War, religion, politics, and guns have been hotly contested topics for decades, even millennia. It hasn’t been until the last decade or so when families, friends, and communities started debating each other on the steps of state capitols and at dinner tables across the country over all aspects of energy, especially natural resource development.

It’s become an emotional debate, with two sides that feel like the other is not listening. Companies are frustrated, people are frustrated and the debate is only becoming more polarized every day. Depending on which side of the media you follow, there are pictures of oil-slicked birds, communities in economic despair and mothers fighting for their children’s futures.

But what does development entail and at what cost to the environment? Why do we need to develop these resources here in the United States? More importantly how does development of these resources affect the average citizen? Currently, citizens of the United States use close to 20 million barrels of oil per day to fuel their cars, heat their homes, and manufacture products that are used every day across America. In 2005, the U.S. was importing 12.5 million barrels a day; a large percentage being heavy crude from hostile nations like Venezuela, Nigeria, and Saudi Arabia. In 2012, that number decreased by half.

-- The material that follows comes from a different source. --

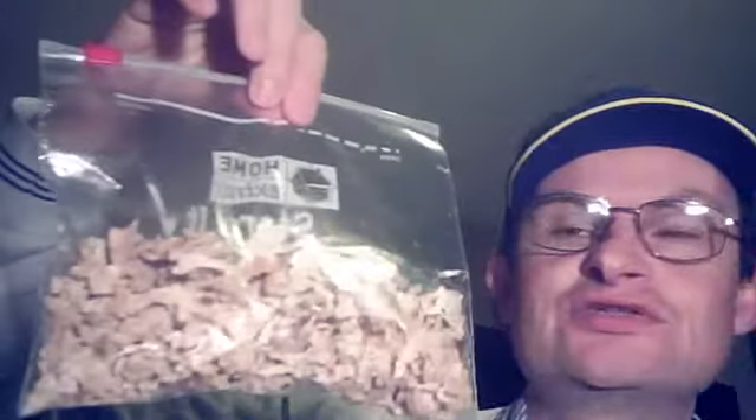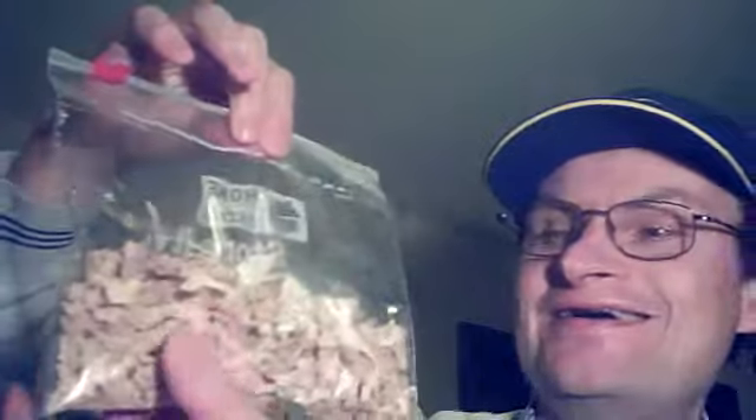Hi there, it's Nick broadcasting on the Get Me Off Grid video blog. Just thought I'd quickly fill you in — this small bag containing what could be interpreted as looking a bit like something it shouldn't, shall we say. It's actually just dehydrated cauliflower.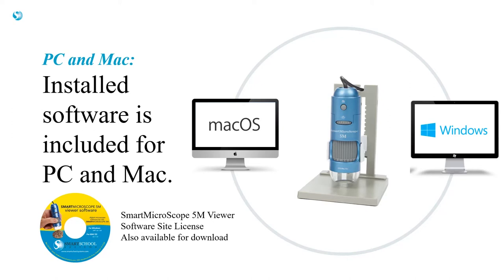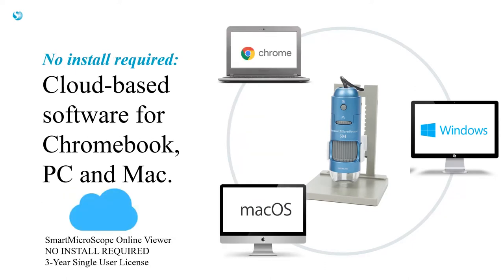It's also available on our website for download if you don't have a CD-ROM drive. If you use Chromebooks or don't want to install software, use our cloud-based Smart Microscope Viewer Online web app. Simply plug the 5M into your computer and log into the website to view the live image, take pictures, and record videos.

Domestic energy production, not just of oil but natural gas as well, has opened the door to U.S. self-sufficiency. These prolific shales can provide energy to US citizens for the next one hundred years. While that may not seem long to most, that time is essential to developing other sources of energy through new and advancing technologies in an effort to reduce our dependency on natural resources. Dependency, it’s a nasty word. Nobody wants to be dependent on anything or anyone. Yet, here we are, our whole society, and we’re all dependent. We want to reduce carbon emissions but we want to heat our homes. We don’t want to drill or mine into the earth but we want bicycles, televisions, and clothing. We don’t want hydraulic fracturing but we want to be able to drive our cars. It’s a catch 22.

The reality is, Americans are consumers. We consume everything from food, to energy, to products. From the moment we wake up in the morning we are using and consuming something brought to us by way of natural resource development. The aggregate liquids and gas just beneath the surface of the earth affords each and every one of us the lifestyles we live each day. If you’ve ever drank bottled water, lit a candle, taken a pain killer or a vitamin, put on makeup, bought any canned food, washed your clothes, or golfed, then you’ve used a product brought to you through natural resource development. There are thousands of items outside of gas for your car that have been created because of petroleum. The entire industry functions as a product of our needs and desires. We chase life, liberty and the pursuit of happiness each day because of the things we have and the experiences that we’re able to share because of petroleum.

Unfortunately, there is a disconnect between the public and the entire energy industry. Companies make decisions and operate in a wholesale marketplace; buying and selling between upstream, midstream and downstream markets that are affected by worldwide supply and demand, politics and even weather. Outside of production, these companies are working to create new technologies that enhance current production as well as future technologies that can move our world into the next era.

Consumers however, have made it very clear that jobs and economic importance should not trump environmental standards. They want to know what companies are doing to clean up air and water. They want to know in advance where companies are leasing, what methods will be used during production, and what the liquid composition is in fracturing fluid.

Each side is focused on entirely different issues and both sides perceive that the other doesn’t quite understand. What is clear is that one barrel of oil, which is roughly 42 gallons, produces 19 gallons of gasoline with the balance being used for other distillate oils and fuels needed for many other products. That’s just one barrel of the 20 million used each day.

Energy development is not just for gas and power; it provides basic necessities like clothing, manufactured products like water pipes for drinking water, and preservatives for food. While wind, solar and hydro can provide electricity, they cannot be a substitute for products produced from petroleum. So while nobody wants to be dependent, companies and individuals alike need to support each other while we find new sources of energy and an alternative for petroleum.